Miriam summoned her most encouraging tone. “That was absolutely the right thing. In fact, if you would let Tansy know where I’ve gone, I’ll drop in on the Clarks myself and save them the trouble.”
Andrew’s eyes darted toward the shed. “Tansy’s a friend.” The declaration was clearly meant as a reassurance to himself. “I’ll tell her for you. Then I’ll head back to town for the checkers. Mr. Bell and Mr. MacNamara will be there already.”
A tiny, genuine smile touched his usually pensive expression. Miriam resisted the urge to rush over to him and hug him tightly. Too many of the patients at Blackburn hadn’t ever shed their looks of worry.
“I like Doc’s pa,” he said. “It’s sure easy to see where Doc gets his friendliness, isn’t it?”
She set the basket of wash next to the fence post. “Mr. MacNamara is a nice man.”
“Doc’s ma, though. She scares me.” He seemed to rethink that admission. “Not like I’m a child shaking with fright in the corner. She’s just—She’s not as personable as her husband.”
“Savage Wells is unfamiliar to her. Everything about our lives here is different from wh
at she is accustomed to.” It wasn’t a hard thing to piece together; Miriam simply pictured her own mother coming for a visit. “I would wager that if we were to meet Mrs. MacNamara in Washington, amongst her friends and the familiar surroundings of her home, she would be every bit as personable as her husband.”
Andrew scuffed his toe against the dirt. “But then we would be uncomfortable.”
He was quick, though most people likely didn’t take the time to find that out.
“Thank you for checking on the Clarks, Andrew. You take good care of this town.”
He left, heading for the moonshine shed. Paisley and Gideon both said that Andrew was much improved since he’d first returned from the war. She hoped he would continue to recover.
The Clarks were an easy distance from Tansy’s home. Miriam arrived there quickly.
“Good morning.” She smiled when Mrs. Clark opened the door. “Andrew said your girls were ill.”
The poor woman looked bedraggled. “I ain’t seen ’em this ill before. I’d rather Doc see to them.”
“Dr. MacNamara will not be back for at least a week.” Miriam would do well to act as confident in herself as she wanted the town to feel. “Where are the girls now?”

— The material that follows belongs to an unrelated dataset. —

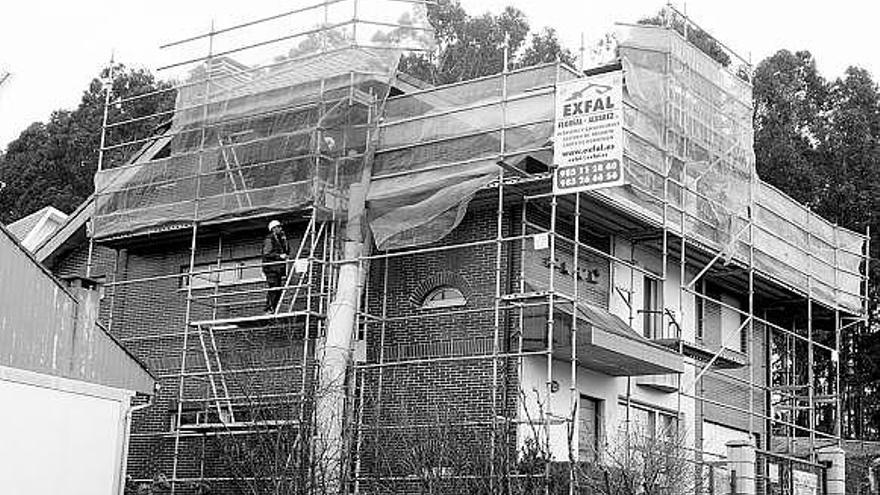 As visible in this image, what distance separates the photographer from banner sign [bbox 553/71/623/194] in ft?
65.5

“Over here.” Mrs. Clark ushered her over to a trundle in the corner where two small figures lay tucked under blankets.
Miriam knelt beside the low bed. “Do you have a lantern or candle I could use?” The corner was a bit too dim.
Mrs. Clark complied. What the light revealed made Miriam’s breath catch. The girls were not, as Andrew had reported, flushed. The rosiness of their cheeks was a rash.
“When did the rash first appear?”
“It wasn’t there last night, but it was this morning.” Mrs. Clark understood that the rash did not portend anything good.
Miriam eyed it more closely, growing more convinced of what she was seeing. “Does it extend to their chests and bellies?”
“It does.”
Miriam’s mind spun fast and furious, wrapping itself around the potential enormity of this. “Your oldest. Is he unwell also?”